As a rule, music shows him the way: "It gives the character a certain rhythm, a pulse, as well as a means of expression. You just have to give yourself over to good pieces," he says. "One is always required to enter into a symbiosis with the stage characters. In the role of Charles V, for example, during a rehearsal I suddenly found myself so angry in a certain scene that I began throwing chairs at my adversary. There was an aggressiveness in me that I did not even know existed.”
"Playing a historical figure literally is always difficult, because you come so close to the cliché. But in pieces that are more abstract, like in the Hölderlin opera or more recently in Benjamin, the individual figures keep their mysteries," he explains. Dietrich Henschel played Walter Benjamin in Peter Ruzicka’s opera last year in Hamburg to great acclaim, almost ten years after he had embodied another major philosopher in Ruzicka's opera Hölderlin. "In the case of Benjamin, everyone has to find their own way to access this complex personality, which is human and fallible," he says of the man portrayed in Ruzicka's opera at his most difficult moment – on the run, shortly before his suicide.

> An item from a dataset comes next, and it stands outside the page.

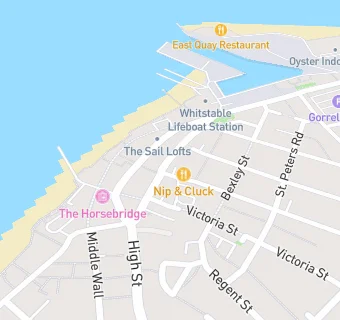 map for Harbour Street Tapas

But are there limits to the degree to which a singer can identify with a character precisely at this point of weakness and inner conflict, so that the voice remains present? "When you're overcome with emotion, you have to take care to maintain control," confirms Dietrich Henschel, "but that’s why you’re an artist. Besides, this brokenness always comes out through the music itself." In general, Henschel avoids foregrounding the heroic in his roles. "Onstage, the most interesting characters are the weak ones," he says, citing examples from his trove of roles embodying so-called ‘great men’ – starting with Hans Werner Henze's Prinz von Homburg to Doctor Faust by Busoni to Don Giovanni, about whom he says: "If he were so unbelievably authoritative as everyone viewed him in the past, he would never have become such a legend. What is a hero who is always strong? Boring!"
For Dietrich Henschel, the ideal case would be that everyone involved – both onstage and in the auditorium – would, in light of such figures, find their own perspective. "I create my own interpretative portrait for the role, and everyone in the audience must reconcile their own truth, develop their own questions, and seek and decide for themselves what they see. I very much hope that the Luther opera, first and foremost, will also raise questions instead of giving answers."